Reference no: EM131395120

Problem 1: Consider the partial simplex tableau shown below:

BC	20	30	25	0	0	0
BV	X1	X2	X3	S1	S2	S3	Value
	3	0	1	1	-2	0
	1	1	0	0	1	0
	-5	0	0	-2	4	1
Zj
Cj - Zj

a) What is the current solution given in the tableau?

X1 = ____, X2 = ____, X3 = ____, S1 = ____, S2 = ____, S3 = ____, Z = ____,

b) Is the given solution optimal? If not, what is the optimal solution?

X1 = ____, X2 = ____, X3 = ____, S1 = ____, S2 = ____, S3 = ____, Z = ____,

c) In the above tableau, what are the non basic variables?

d) In the optimal tableau, what are the basic variables?

Problem 2: The manager of a very busy bank branch has estimated the requirements for bank tellers between 10 and 18 tellers, depending on the time of the day. The branch opens between 9:00 AM and 5:00 PM. At present the branch employs 12 full-time tellers who are allowed one hour lunch break (Half of the full-timers eat at 11 AM, and the other half at noon.) The Table below indicates the estimated number of tellers needed at various hours of the day.

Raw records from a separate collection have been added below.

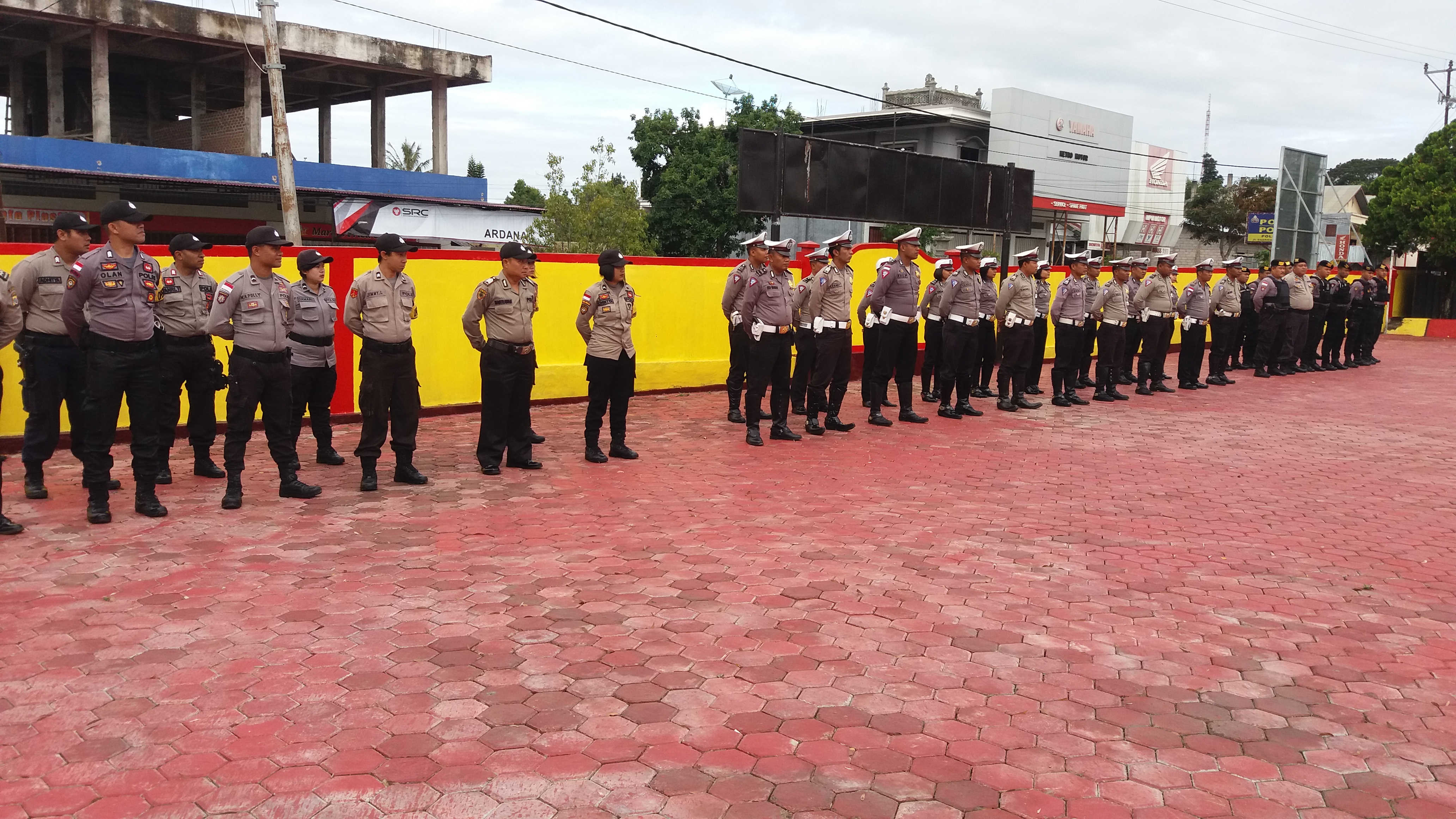 Hari Buruh,  Polres TTS  Siaga 1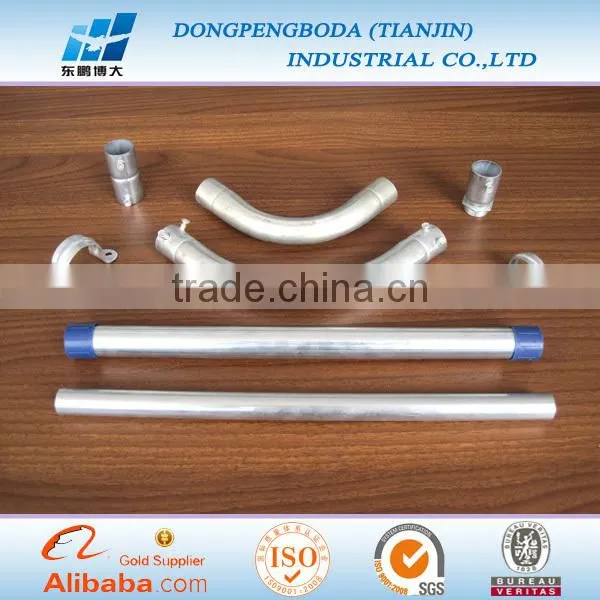 bs4568 q195 rigid galvanized standard steel conduit
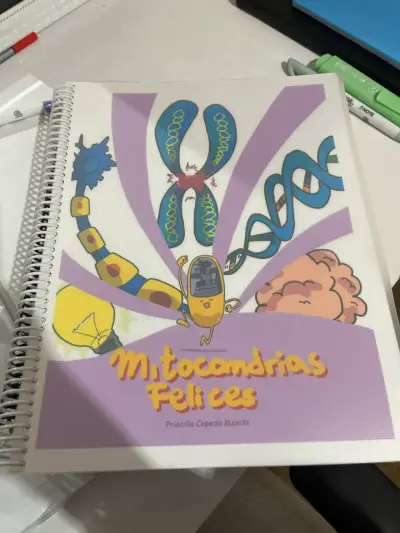 Cuaderno Mitocondrias Felices - miniatura 1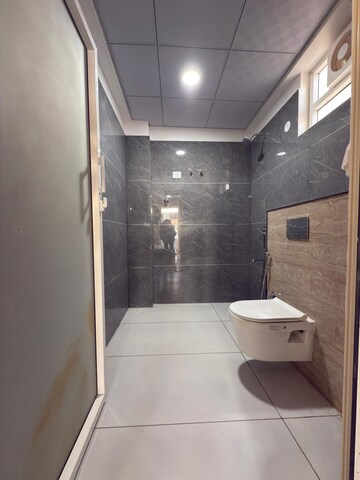 Bathroom in 3 BHK Builder Floor at Mansarovar – for Sale
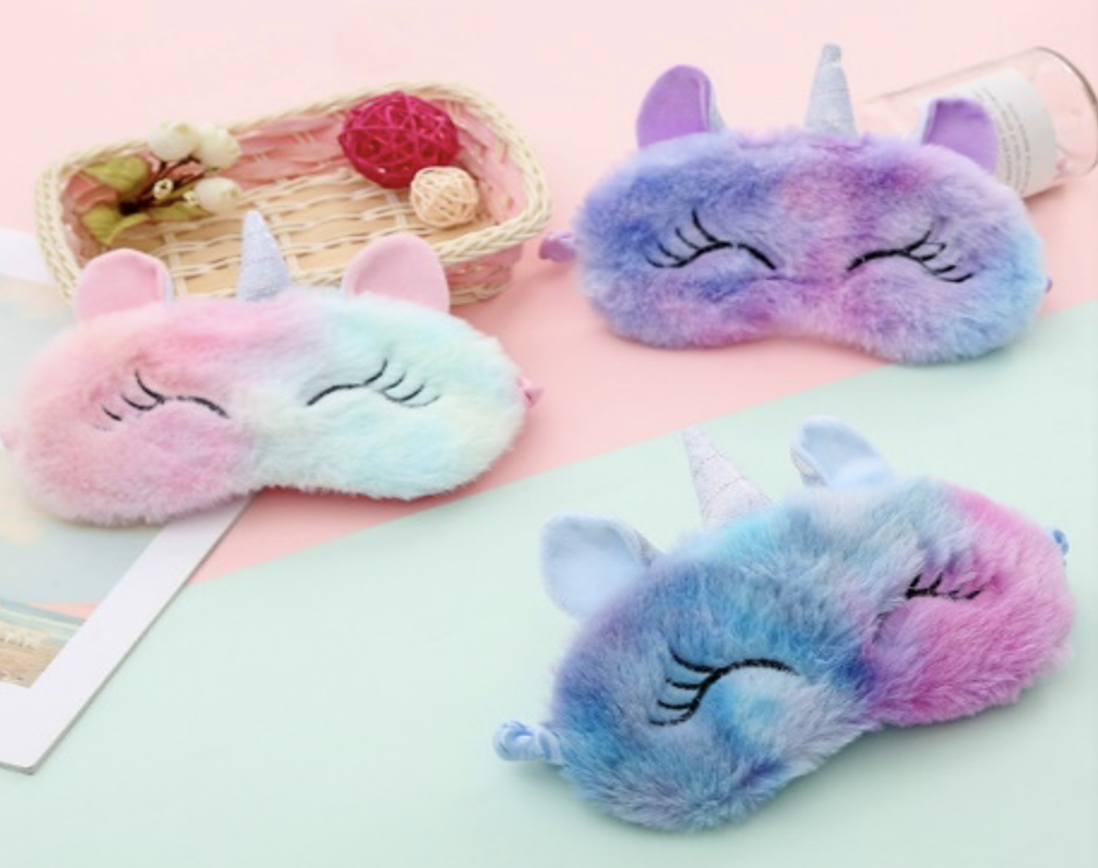 Antifaz de Peluche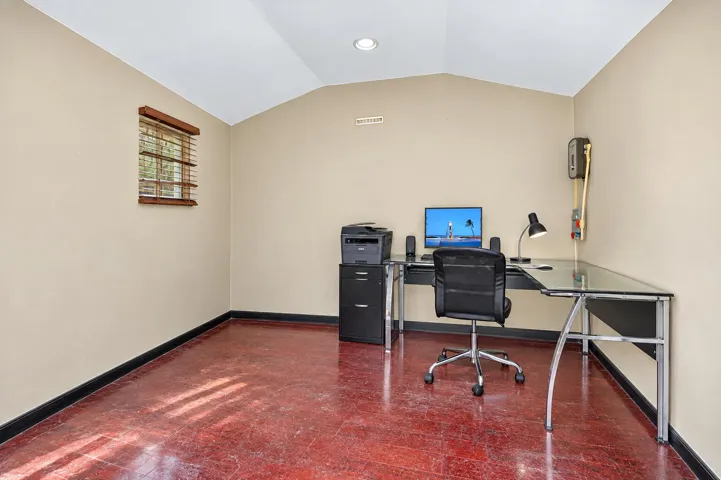 Digitally Decluttered Home Office
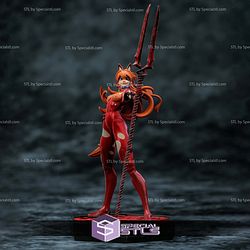 Asuka Langley Furry STL Files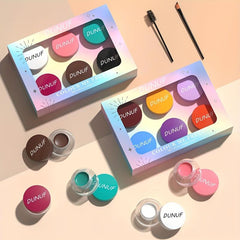 Face Painting Palette Eyeshadow Matte Finish Multipurpose Makeup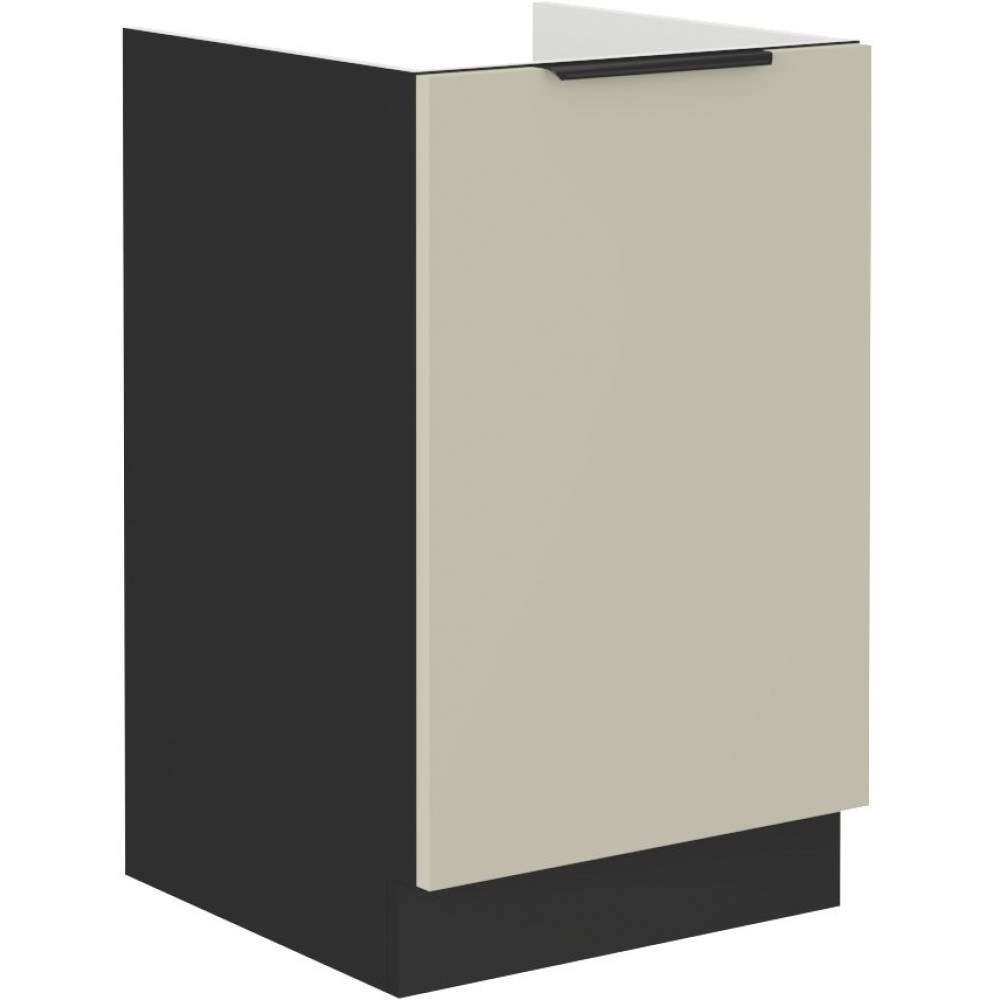 Επιδαπέδιο ντουλάπι νεροχύτη Monaco 50 ZL-Gkrez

Time Period	9-10 AM	10-11 AM	11-Noon	Noon-1 PM	1-2 PM	2-3 PM	3-4 PM	4-5 PM
Tellers Required	10	12	14	16	18	17	15	10

The branch is considering hiring part time tellers who must work exactly four hours per day and they can start any hour between 9:00 AM and 1:00 PM. The bank policy limits total part time hours to a maximum of 50% of the day's total teller requirement (i.e. 112.) The part-timers are paid $8:00 per hour or $32:00 per day on average, and full-timers earns $100:00 per day, on average. The bank seeks an advise to minimize the tellers cost. It will release one or more of its full time tellers if it is profitable to do so. Formulate the model to help solving this problem.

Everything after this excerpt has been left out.